--- START ---
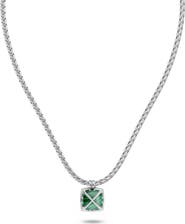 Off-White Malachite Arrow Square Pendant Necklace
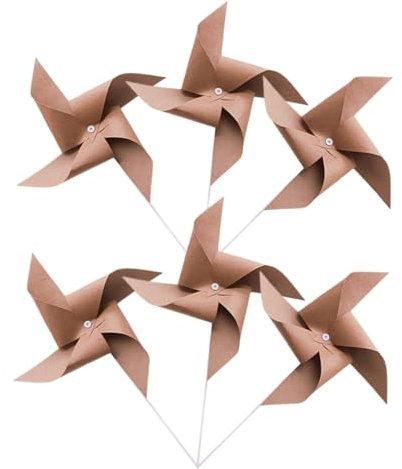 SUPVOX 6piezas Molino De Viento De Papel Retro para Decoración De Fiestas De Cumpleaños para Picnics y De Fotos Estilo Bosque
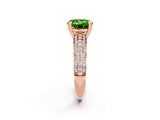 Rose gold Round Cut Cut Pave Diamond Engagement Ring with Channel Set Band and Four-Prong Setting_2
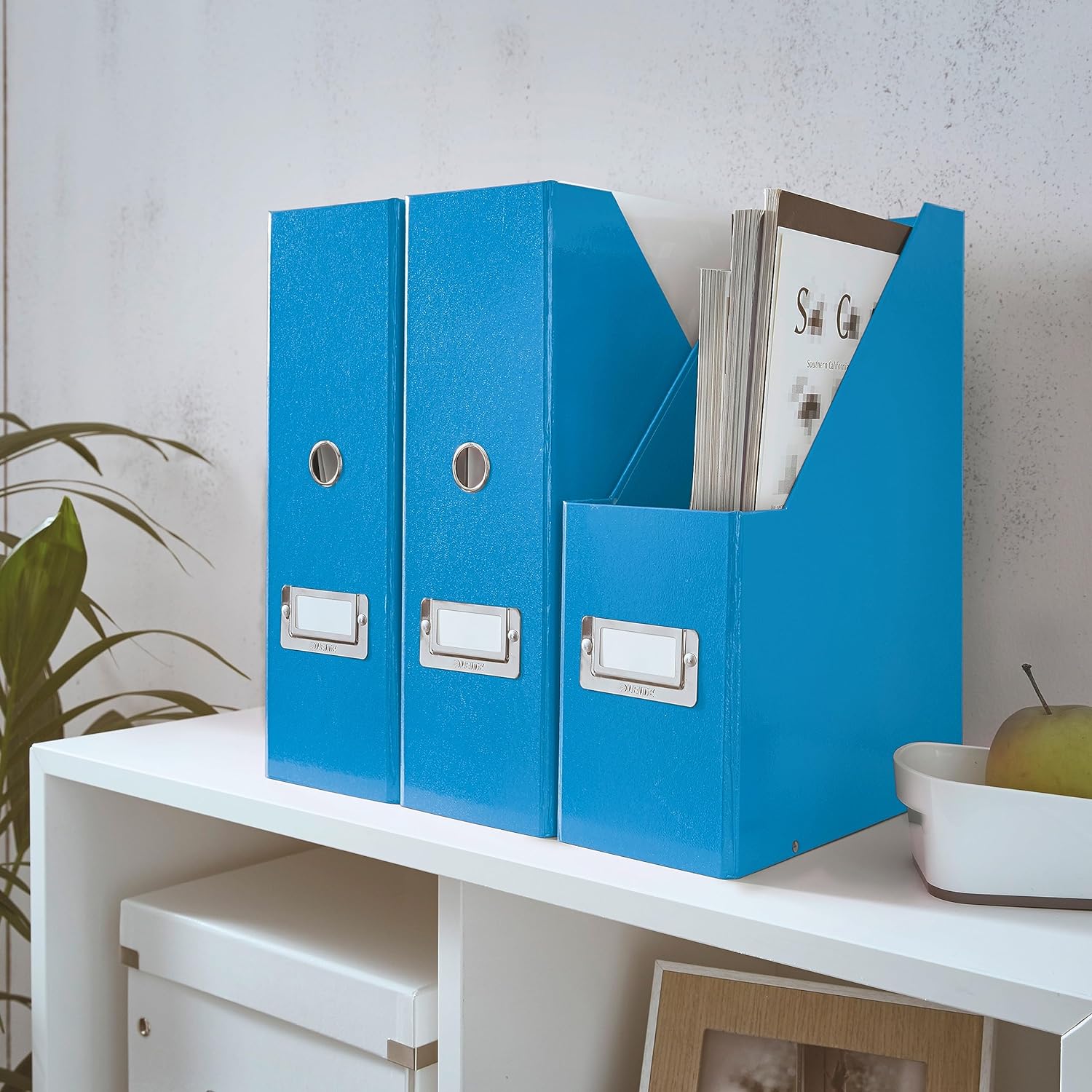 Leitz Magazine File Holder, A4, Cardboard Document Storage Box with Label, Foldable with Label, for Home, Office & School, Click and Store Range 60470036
--- END ---
--- START ---
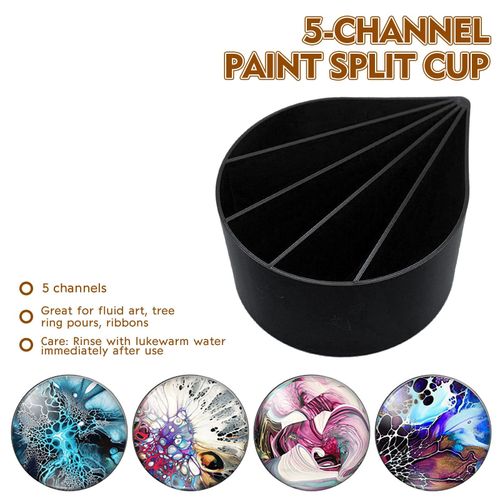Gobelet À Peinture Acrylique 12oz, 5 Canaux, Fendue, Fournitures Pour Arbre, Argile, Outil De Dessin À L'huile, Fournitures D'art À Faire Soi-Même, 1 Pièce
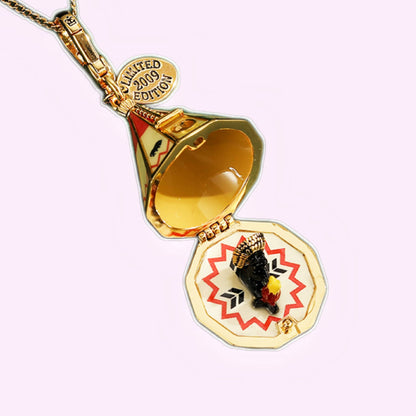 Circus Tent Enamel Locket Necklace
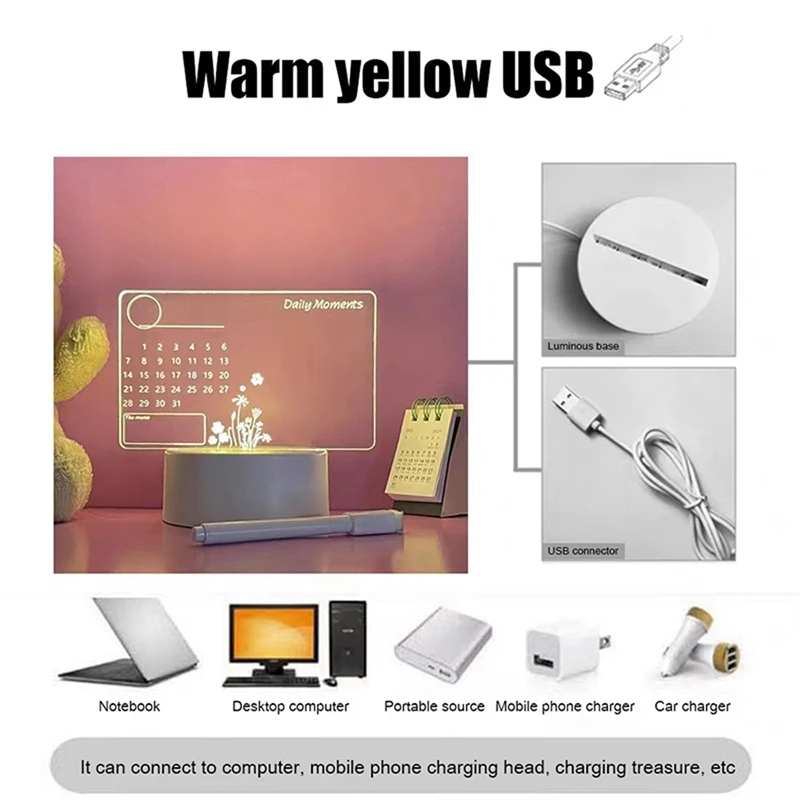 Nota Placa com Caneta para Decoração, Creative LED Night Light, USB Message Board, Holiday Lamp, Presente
--- END ---
| Work required |
Among the entries above, locate the line with "Rose gold Round" and the line with "Leitz Magazine File". Give those two lines and all lines between them again, exactly, leaving out the pictures.

| Exercise result |
 Rose gold Round Cut Cut Pave Diamond Engagement Ring with Channel Set Band and Four-Prong Setting_2
 Leitz Magazine File Holder, A4, Cardboard Document Storage Box with Label, Foldable with Label, for Home, Office & School, Click and Store Range 60470036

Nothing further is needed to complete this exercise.